TASK DESCRIPTION
Exactly the lines below from the line with "More Photos Of" through the line with "23 Ross Wright" must make up the answer, both ends included and pictures left out.

DATASET RECORDS

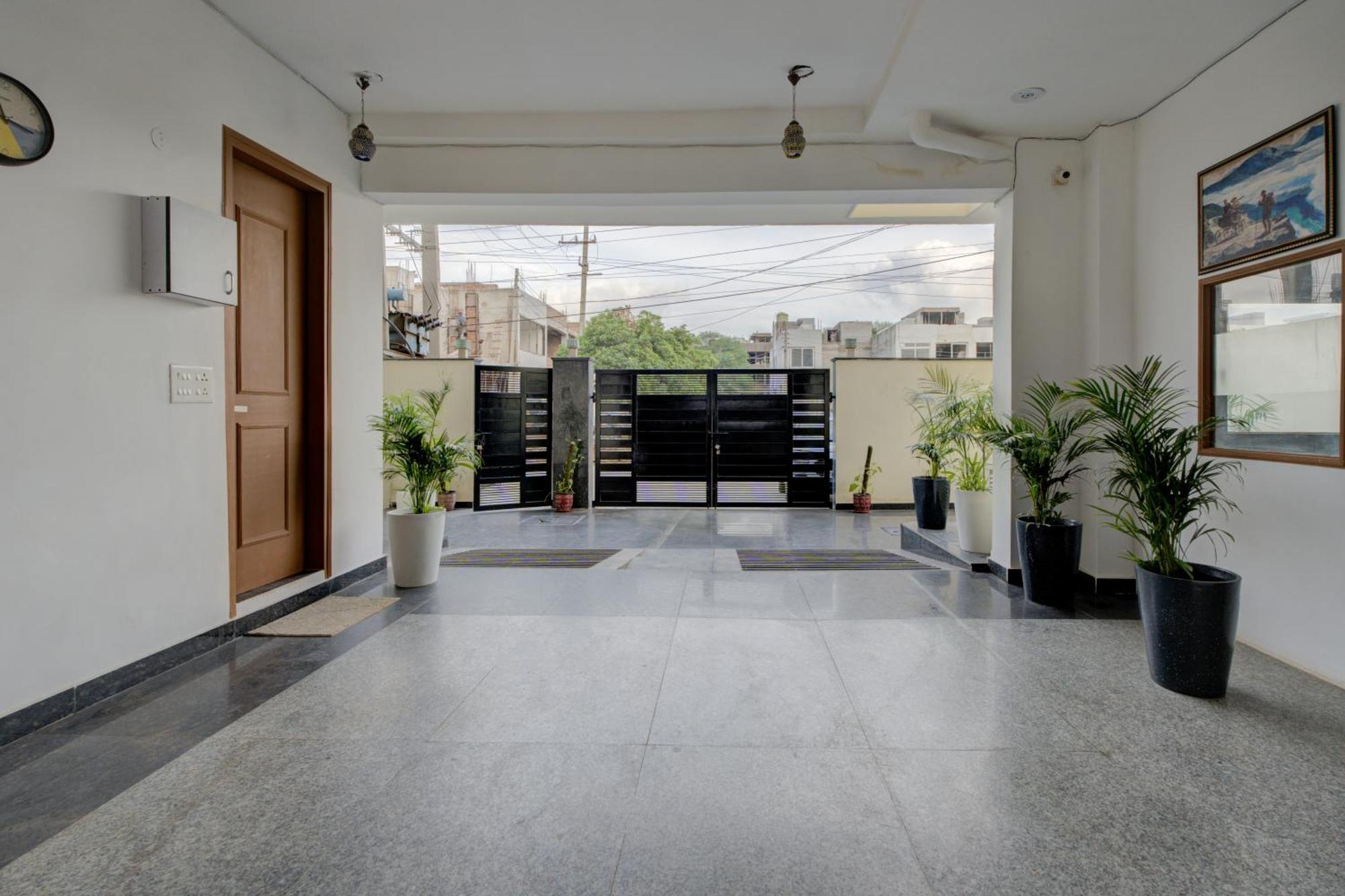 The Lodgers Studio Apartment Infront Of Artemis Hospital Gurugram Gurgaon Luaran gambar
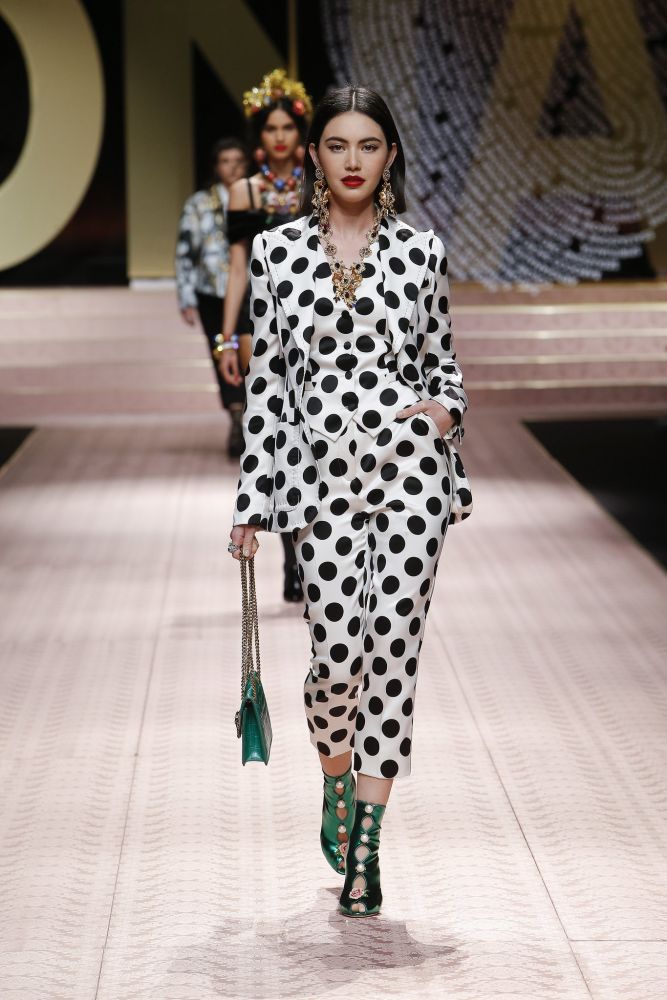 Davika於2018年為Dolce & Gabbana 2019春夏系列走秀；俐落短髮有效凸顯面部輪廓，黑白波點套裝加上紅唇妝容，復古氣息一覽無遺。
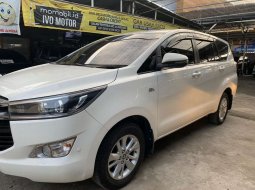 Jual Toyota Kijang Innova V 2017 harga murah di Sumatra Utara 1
==
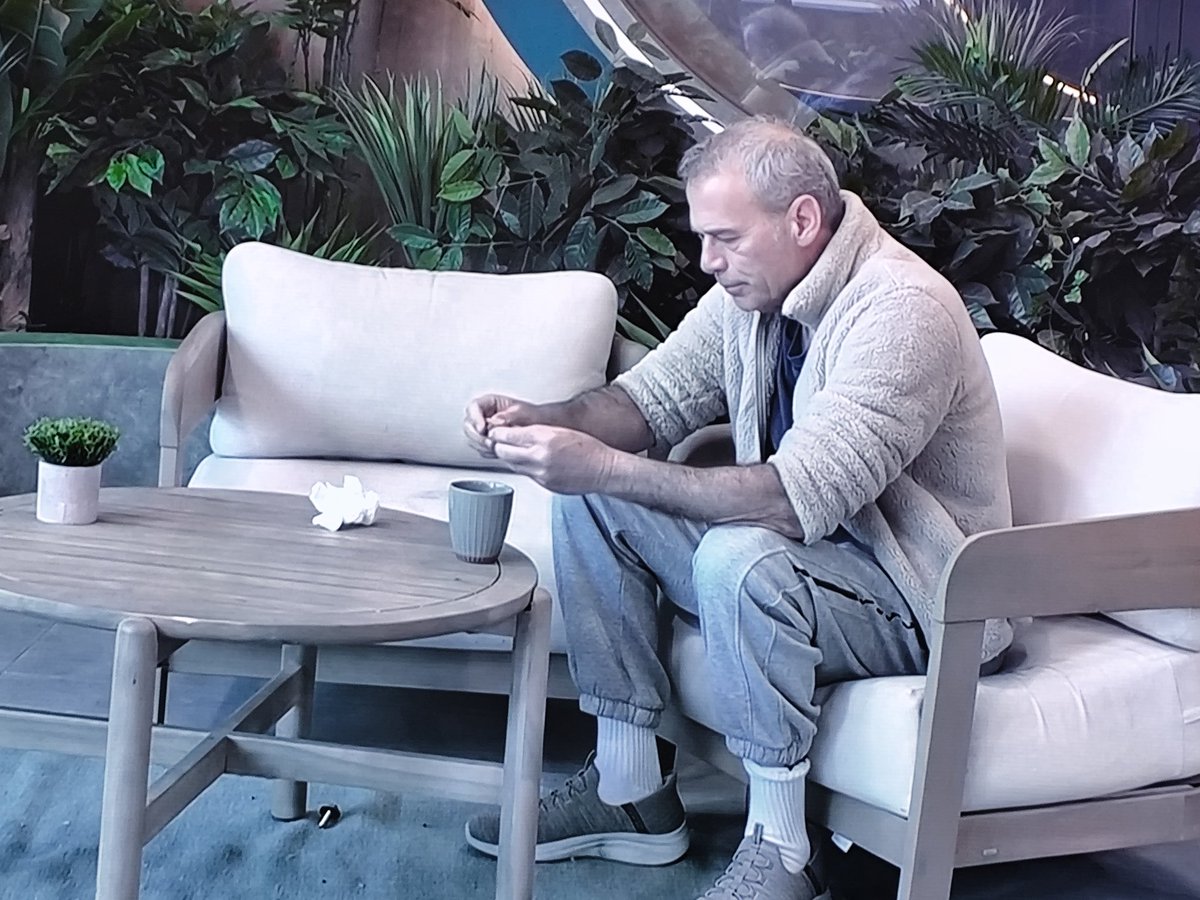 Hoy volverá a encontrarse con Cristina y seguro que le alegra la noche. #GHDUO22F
==
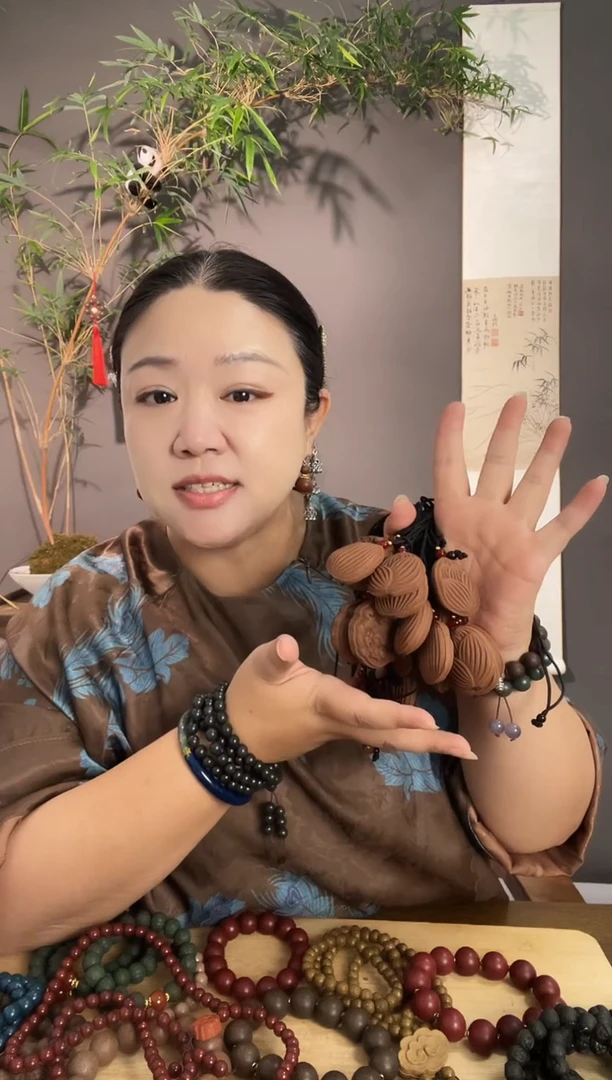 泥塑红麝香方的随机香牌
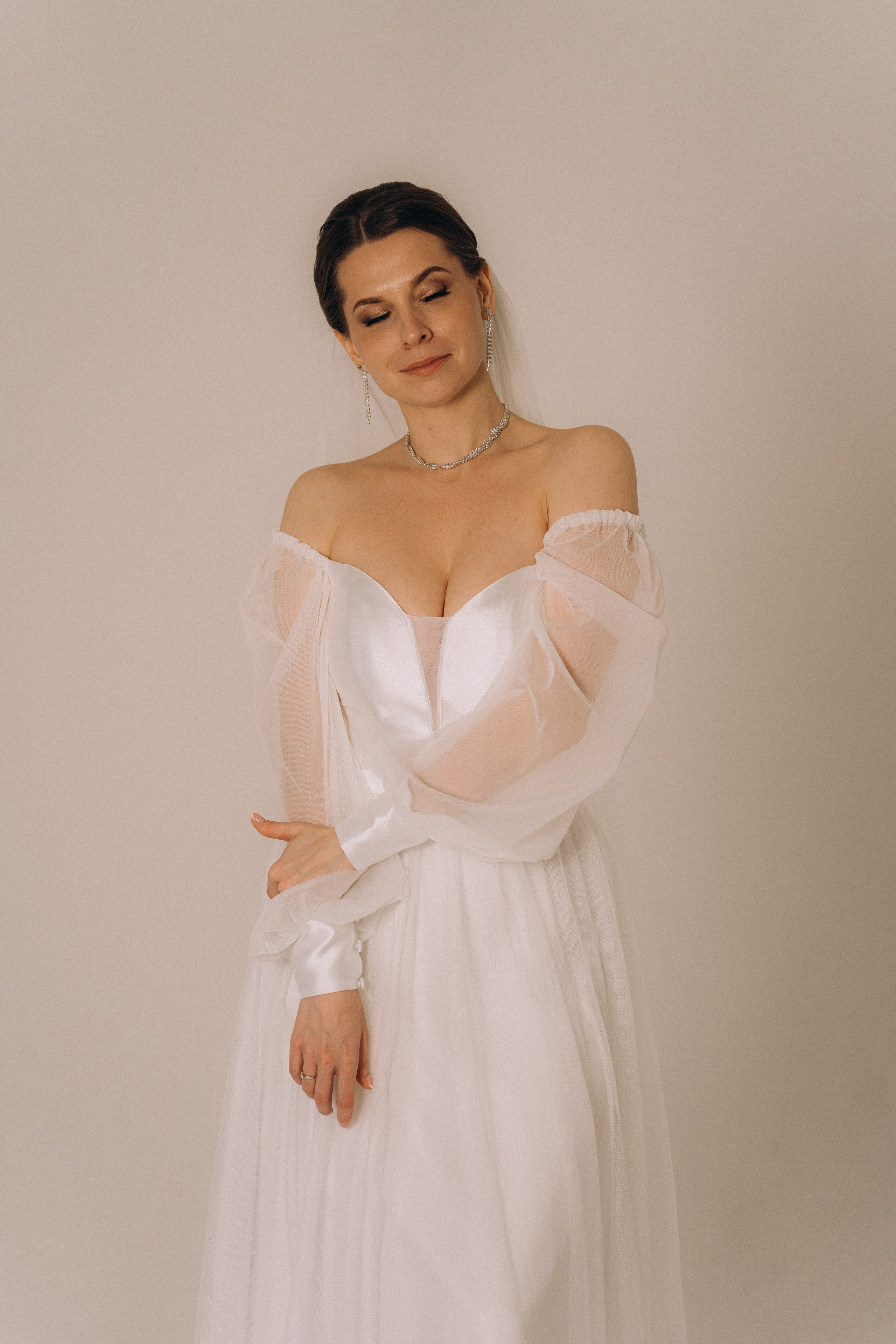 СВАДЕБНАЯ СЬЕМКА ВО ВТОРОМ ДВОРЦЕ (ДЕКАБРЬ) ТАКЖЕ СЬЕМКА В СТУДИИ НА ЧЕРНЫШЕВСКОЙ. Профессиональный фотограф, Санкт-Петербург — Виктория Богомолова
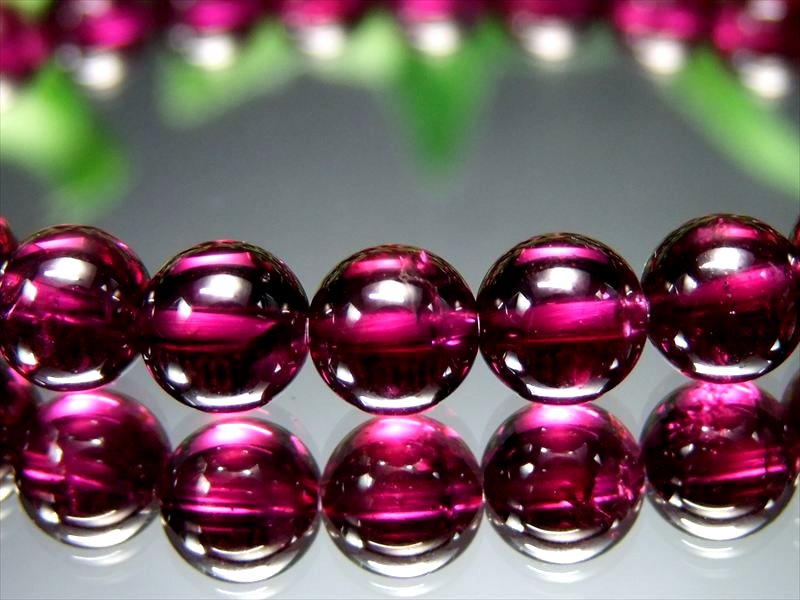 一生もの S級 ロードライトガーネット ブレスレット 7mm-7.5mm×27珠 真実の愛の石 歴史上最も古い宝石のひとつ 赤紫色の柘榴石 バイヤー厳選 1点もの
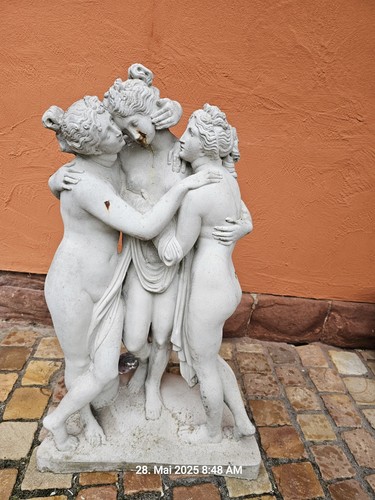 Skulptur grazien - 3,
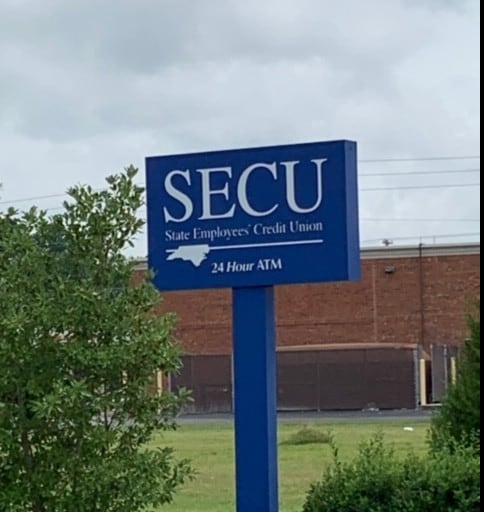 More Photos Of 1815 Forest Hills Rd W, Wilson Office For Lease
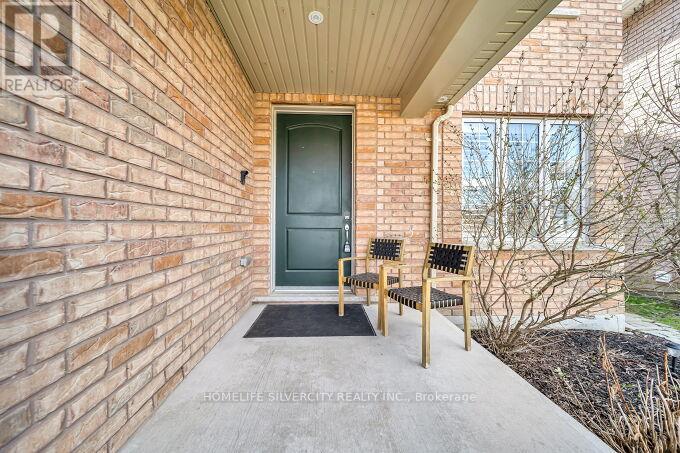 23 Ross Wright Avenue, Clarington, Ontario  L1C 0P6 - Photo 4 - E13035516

WRITTEN SOLUTION
 More Photos Of 1815 Forest Hills Rd W, Wilson Office For Lease
 23 Ross Wright Avenue, Clarington, Ontario  L1C 0P6 - Photo 4 - E13035516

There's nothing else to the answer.